=== Work item ===
Only one thing is required: the number of lines in the entries below that contain "order".

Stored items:
=== Section Start ===

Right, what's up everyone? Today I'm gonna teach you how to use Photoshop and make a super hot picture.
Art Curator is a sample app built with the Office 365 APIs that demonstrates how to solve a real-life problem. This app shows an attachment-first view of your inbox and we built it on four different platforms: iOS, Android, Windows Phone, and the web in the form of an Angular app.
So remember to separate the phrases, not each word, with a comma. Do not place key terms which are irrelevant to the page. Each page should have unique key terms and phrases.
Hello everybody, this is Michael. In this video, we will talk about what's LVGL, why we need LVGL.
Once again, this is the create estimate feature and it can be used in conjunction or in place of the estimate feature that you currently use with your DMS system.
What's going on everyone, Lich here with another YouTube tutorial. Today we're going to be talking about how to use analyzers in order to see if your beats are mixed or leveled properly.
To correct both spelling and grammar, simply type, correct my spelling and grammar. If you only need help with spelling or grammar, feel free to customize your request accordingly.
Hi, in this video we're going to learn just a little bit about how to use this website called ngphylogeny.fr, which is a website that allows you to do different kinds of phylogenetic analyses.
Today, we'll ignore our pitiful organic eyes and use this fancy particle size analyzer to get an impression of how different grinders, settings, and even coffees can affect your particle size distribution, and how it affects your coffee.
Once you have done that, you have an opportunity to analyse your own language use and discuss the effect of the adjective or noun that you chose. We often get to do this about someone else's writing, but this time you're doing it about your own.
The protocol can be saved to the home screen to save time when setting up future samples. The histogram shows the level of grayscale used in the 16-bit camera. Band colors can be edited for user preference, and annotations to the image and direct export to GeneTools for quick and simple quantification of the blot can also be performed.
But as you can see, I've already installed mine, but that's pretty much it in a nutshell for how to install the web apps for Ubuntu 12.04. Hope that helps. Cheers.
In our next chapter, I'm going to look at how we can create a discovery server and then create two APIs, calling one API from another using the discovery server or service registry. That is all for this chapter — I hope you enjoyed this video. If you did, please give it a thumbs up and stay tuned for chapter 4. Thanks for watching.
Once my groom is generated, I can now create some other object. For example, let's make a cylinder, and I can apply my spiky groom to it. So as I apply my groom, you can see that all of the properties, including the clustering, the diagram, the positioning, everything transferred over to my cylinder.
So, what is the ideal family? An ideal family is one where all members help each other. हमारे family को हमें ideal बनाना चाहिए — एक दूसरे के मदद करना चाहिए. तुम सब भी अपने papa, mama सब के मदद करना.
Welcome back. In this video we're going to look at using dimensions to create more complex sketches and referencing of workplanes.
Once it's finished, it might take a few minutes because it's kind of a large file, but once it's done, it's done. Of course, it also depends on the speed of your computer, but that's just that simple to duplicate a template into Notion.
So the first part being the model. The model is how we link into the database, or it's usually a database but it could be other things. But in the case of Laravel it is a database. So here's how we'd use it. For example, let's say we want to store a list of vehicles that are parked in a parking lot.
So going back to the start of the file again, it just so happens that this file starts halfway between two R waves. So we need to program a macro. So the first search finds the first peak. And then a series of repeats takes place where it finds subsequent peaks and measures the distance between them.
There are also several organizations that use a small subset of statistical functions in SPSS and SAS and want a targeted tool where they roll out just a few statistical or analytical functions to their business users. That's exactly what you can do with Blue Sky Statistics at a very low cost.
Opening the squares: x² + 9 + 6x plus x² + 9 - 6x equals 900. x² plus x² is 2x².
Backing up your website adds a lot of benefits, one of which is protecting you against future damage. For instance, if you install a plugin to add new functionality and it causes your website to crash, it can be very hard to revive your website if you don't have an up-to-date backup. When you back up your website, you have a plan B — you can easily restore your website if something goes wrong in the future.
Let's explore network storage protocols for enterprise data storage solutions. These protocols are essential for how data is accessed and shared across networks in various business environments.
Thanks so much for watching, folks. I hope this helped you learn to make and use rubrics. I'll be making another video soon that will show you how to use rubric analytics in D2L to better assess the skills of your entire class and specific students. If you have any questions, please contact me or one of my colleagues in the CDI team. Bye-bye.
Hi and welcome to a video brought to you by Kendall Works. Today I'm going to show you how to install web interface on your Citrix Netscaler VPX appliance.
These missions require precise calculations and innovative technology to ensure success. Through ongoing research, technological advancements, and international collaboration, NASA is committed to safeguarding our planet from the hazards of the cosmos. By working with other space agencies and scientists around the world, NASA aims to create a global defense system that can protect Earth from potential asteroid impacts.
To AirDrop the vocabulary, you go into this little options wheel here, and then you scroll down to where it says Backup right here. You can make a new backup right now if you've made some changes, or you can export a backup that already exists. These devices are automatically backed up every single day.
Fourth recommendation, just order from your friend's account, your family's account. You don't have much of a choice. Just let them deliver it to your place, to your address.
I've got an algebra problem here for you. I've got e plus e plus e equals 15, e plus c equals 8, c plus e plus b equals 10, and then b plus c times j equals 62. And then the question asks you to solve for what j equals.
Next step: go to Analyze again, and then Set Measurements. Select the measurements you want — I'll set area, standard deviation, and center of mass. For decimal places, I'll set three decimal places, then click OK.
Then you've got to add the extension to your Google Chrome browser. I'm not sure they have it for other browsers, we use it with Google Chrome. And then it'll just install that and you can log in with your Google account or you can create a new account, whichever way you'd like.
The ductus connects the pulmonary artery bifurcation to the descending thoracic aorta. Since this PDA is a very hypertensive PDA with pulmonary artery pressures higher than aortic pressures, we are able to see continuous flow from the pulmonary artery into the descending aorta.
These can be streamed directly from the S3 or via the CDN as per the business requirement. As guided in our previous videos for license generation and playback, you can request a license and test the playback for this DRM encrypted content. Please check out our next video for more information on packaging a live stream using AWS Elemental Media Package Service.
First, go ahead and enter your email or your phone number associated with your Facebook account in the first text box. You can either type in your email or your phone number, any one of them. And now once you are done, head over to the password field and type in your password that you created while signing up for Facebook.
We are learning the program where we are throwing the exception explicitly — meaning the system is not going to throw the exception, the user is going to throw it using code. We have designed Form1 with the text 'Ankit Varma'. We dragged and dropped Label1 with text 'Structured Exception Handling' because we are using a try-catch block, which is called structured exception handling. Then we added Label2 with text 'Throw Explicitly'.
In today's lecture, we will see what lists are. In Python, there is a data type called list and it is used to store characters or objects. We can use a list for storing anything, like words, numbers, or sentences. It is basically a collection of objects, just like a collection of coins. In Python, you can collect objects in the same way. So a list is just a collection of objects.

=== Section End ===

=== Response to this task ===
2